Barriers have fallen
New research from #AfterAccess showed that 55.5% of South Africans now have a smartphone – and this figure is rising steadily. The connectivity gap is no longer a major barrier. Many South Africans leapfrogged the desktop stage straight to mobile so the growing penetration of smartphones is likely to deliver a big boost for online retail. Technological advancements and our increasingly digital lifestyle also help to break down barriers such as lack of trust in delivery and payment, as multiple digital payment options (and even digital credit) are now being offered.
Shopping is increasingly about personalisation, with machine learning building up a psychographic profile of every customer at a granular level and suggesting products accordingly. Media24’s Spree has already led the way locally with the introduction of a fashion image search feature. This functionality allows shoppers to upload a photo in the Spree app, which then suggests visually similar items.

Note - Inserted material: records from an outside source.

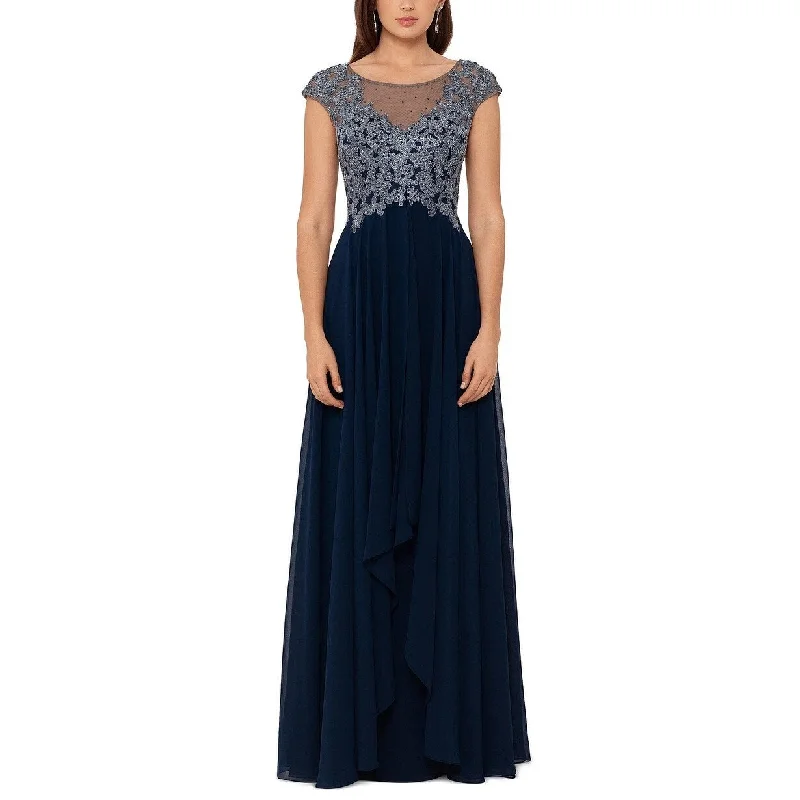 XSCAPE Women's Embroidered Top Chiffon Gown Blue Size 8 Scandinavian
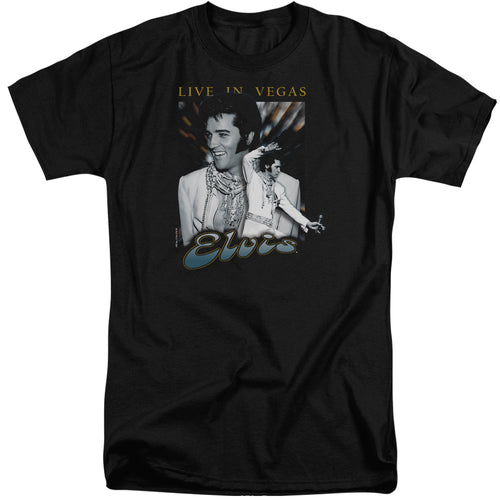 Elvis Presley Live In Vegas Men's 18/1 Tall 100% Cotton Short-Sleeve T-Shirt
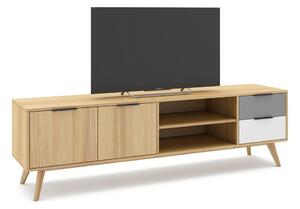 Comodă TV natural/gri/alb din lemn de pin 180x53 cm Elfa – Marckeric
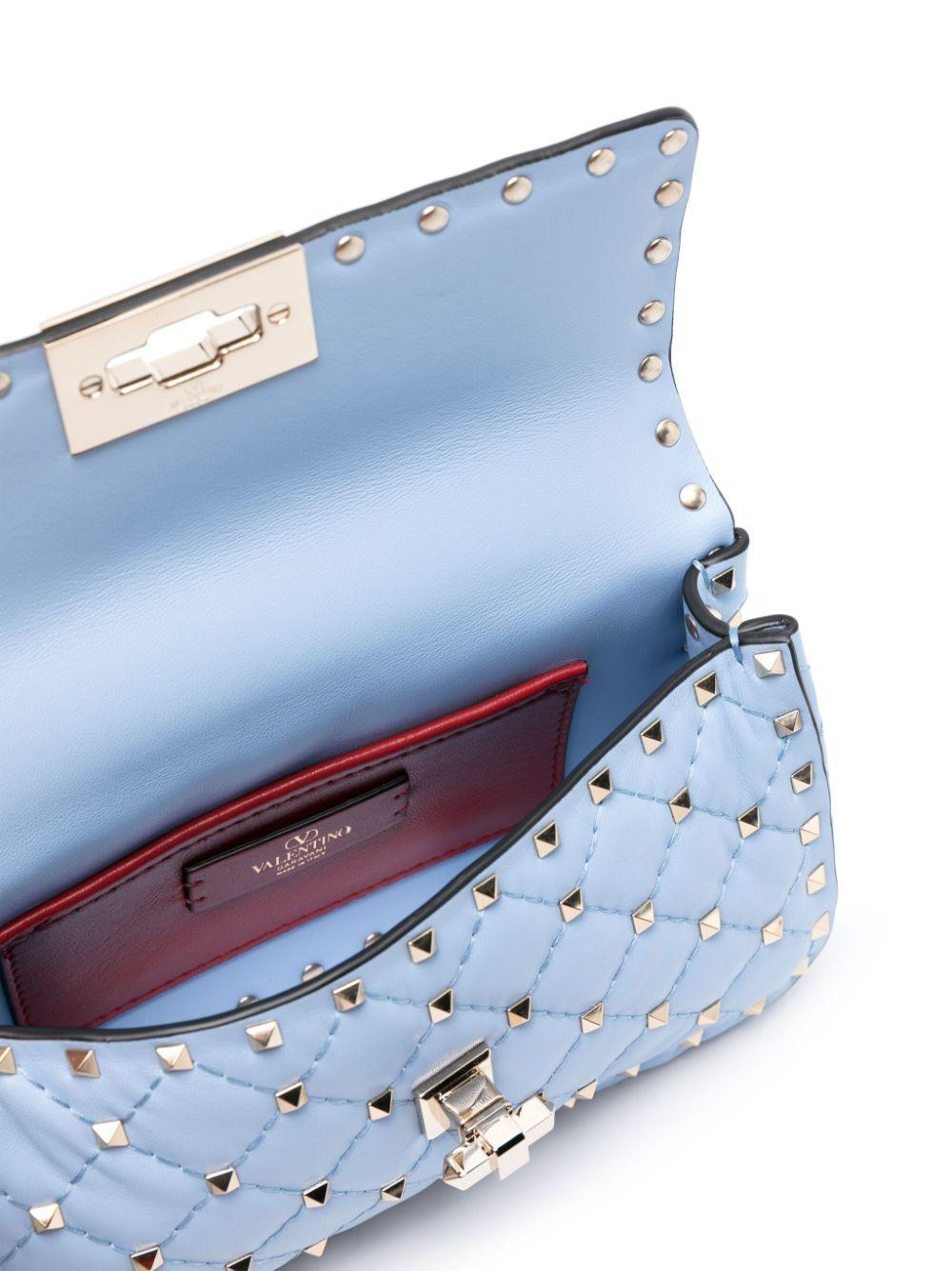 VALENTINO GARAVANI Rockstud Spike Leather Tote Bag In Blue Product Image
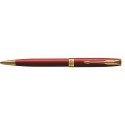 NEW Parker Sonnet Red Lacquer Gold Trim Ballpoint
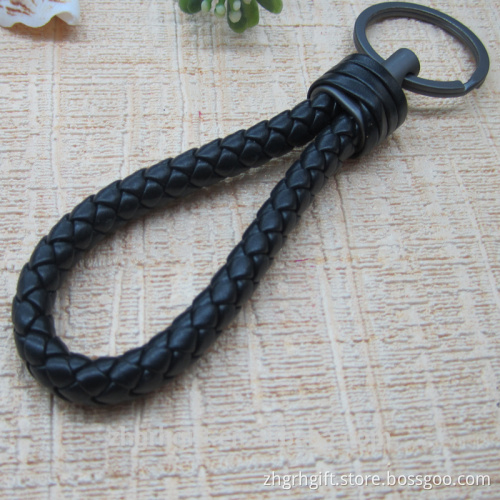 The Trend Of Leisure Keyring Black Leather Key Chain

Essentially, machine learning serves customers looks they will love. Once shoppers get used to this feature they’ll grow impatient with the shop-to- shop mall walk quickly. This technology, along with improved online search functionality through voice (think Alexa), will extend beyond clothing and will help shoppers find the best possible skincare products as well as other items such as homeware, sportswear and even groceries.
Faster delivery time
In the US, drone deliveries and smart distribution tech are already reducing a three-day delivery time to three hours. Next to faster and more accurate deliveries, we’re likely to see at least some local deliveries arriving by drones in 2021.
Since South Africans have a penchant for instant gratification, faster delivery times are likely to speed up the uptake of online shopping as shoppers know that their purchases will arrive very soon after the order is placed. There is a huge correlation between speed to customer and revenue growth.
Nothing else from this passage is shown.